Ce bouquet de maisons laisse une impression étrange au visiteur. Trois chevaux paissent dans le jardin d'Olivier Corel, tandis qu'un van et qu'un camping-car sont garés devant l'entrée. Un moteur est désossé. De nombreuses paires de chaussures suggèrent la présence d'invités. Quelques maisons un peu tristes sont dressées le long de la petite route bitumée, avec leurs briques apparentes et leurs murs non crépis. Un grand corps de ferme est à l'abandon, presque en ruines.
Quelques numéros plus loin, une discrète inscription en arabe figure sur une porte en bois : "Au nom de Dieu le Miséricordieux". Cette fois, l'accueil est un peu plus tendu. "Votre métier, en fait, c'est de mentir, c'est ça, hein ?" lance un jeune aux yeux bleus, le visage entouré d'une fine barbe. "On ne veut pas vous parler. Vous ne dites que des conneries depuis dix ans !" poursuit un autre, plus âgé. "Moi, je ne lui parle pas depuis douze ans à ce type [Olivier Corel] ! Il n'y a pas de 'communauté' ici !" "Arrête, laisse tomber, après il va raconter qu'il est allé voir des jihadistes !", conclut le premier, avant de refermer la porte. Ambiance.

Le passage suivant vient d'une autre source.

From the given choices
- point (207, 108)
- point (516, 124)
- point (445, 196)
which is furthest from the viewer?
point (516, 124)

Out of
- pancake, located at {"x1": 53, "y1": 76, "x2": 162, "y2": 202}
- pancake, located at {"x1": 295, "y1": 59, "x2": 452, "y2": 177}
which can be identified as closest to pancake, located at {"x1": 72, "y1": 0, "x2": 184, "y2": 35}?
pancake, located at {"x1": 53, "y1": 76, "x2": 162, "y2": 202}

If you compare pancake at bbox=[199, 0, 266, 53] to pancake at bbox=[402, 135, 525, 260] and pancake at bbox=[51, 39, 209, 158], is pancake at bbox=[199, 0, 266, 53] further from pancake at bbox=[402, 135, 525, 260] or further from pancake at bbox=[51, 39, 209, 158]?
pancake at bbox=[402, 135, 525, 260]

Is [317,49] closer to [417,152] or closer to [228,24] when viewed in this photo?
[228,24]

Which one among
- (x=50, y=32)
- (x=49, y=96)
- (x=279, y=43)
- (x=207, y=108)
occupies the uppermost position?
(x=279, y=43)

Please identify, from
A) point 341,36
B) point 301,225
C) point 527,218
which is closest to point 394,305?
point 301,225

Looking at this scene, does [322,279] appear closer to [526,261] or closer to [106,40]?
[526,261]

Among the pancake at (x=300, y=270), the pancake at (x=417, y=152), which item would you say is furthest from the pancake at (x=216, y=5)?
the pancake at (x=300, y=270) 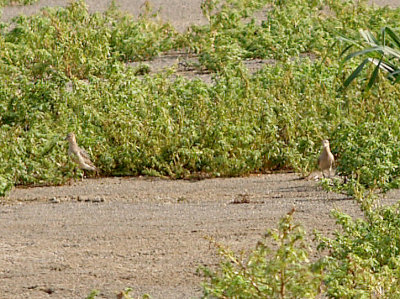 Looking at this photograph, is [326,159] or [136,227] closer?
[136,227]

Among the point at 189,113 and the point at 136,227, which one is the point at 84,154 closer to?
the point at 189,113

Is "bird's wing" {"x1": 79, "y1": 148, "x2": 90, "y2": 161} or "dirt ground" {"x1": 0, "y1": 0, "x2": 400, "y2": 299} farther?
"bird's wing" {"x1": 79, "y1": 148, "x2": 90, "y2": 161}

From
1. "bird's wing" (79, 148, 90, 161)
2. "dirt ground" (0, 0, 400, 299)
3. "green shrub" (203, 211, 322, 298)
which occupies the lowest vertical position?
"bird's wing" (79, 148, 90, 161)

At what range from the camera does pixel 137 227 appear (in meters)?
6.75

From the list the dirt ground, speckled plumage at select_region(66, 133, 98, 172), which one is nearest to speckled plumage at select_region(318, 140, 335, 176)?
the dirt ground

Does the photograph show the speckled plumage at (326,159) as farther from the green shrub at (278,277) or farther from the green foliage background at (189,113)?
the green shrub at (278,277)

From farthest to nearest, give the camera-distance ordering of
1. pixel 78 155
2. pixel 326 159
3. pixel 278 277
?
pixel 78 155, pixel 326 159, pixel 278 277

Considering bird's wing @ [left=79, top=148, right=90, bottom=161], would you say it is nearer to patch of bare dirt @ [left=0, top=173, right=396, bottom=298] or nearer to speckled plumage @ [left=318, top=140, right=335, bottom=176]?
patch of bare dirt @ [left=0, top=173, right=396, bottom=298]

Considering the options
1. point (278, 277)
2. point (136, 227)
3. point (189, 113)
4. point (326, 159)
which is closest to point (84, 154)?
point (189, 113)

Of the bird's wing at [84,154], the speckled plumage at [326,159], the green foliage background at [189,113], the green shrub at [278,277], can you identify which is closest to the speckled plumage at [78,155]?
the bird's wing at [84,154]

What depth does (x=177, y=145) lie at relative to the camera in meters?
8.59

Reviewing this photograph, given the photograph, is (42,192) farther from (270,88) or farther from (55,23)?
(55,23)

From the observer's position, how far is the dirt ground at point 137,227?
18.8 feet

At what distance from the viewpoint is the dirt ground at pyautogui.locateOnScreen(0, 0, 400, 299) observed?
5.74 m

"Il se contente de dire bonjour et ne parle pas de religion"
A Artigat, il y a "en haut" et il y a "en bas". Les habitants du village ne savent pas grand chose de "l'émir blanc", sinon que sa présence attire depuis des années les médias et la police. "Encore un journaliste !" râle une femme au comptoir de L'Escale, un restaurant situé en face de la route qui mène au hameau. "Une fois, tous les flics s'étaient arrêtés pour manger au restaurant. Du coup, aucun client n'était venu", ajoute un employé, dont le jour de repos est pourri par la pluie. "Quand il apparaît dans le bourg, Olivier Corel se contente de dire bonjour et ne parle surtout pas de religion."
Promenades en chevaux, élevage de cailles, cueillette de légumes… Personne ne connaît vraiment l'activité du vieil homme. Au village, personne ne le voit sur les marchés depuis belle lurette. Comme les autres habitants, on va lui porter la gazette de la commune tous les mois. Dans leur camion, deux employés municipaux semblent presque étonnés de l'affaire. "Jamais de souci ! Un jour, on est intervenus en haut, il nous a offert à boire et nous a même proposé de laisser nos outils devant chez lui, si besoin." Selon les interlocuteurs, Olivier Corel est décrit comme un "renard" ou un "marginal".
L'ancien maire ajoute que la femme d'Olivier Corel, Nadia, est "très intelligente", mais qu'elle a été exclue d'une petite association du village, il y a sept-huit ans, car elle utilisait sa culture pour parler un peu trop de politique." Plus largement, certains habitants avouent être gênés par "l'émir blanc", tout à la fois discret et encombrant. "Vous savez, moi, je l'aime mon village, glisse un habitant, et ce n'est pas possible de l'avoir ici. Mais il est toujours relâché, il faudrait une vraie volonté politique. Là-haut, ça doit être invivable. Invivable." Dans une rue, quelques retraités fuient la pluie. "Vous savez, si tout ce qu'on dit est vrai, ici on ne risque pas grand-chose, justement."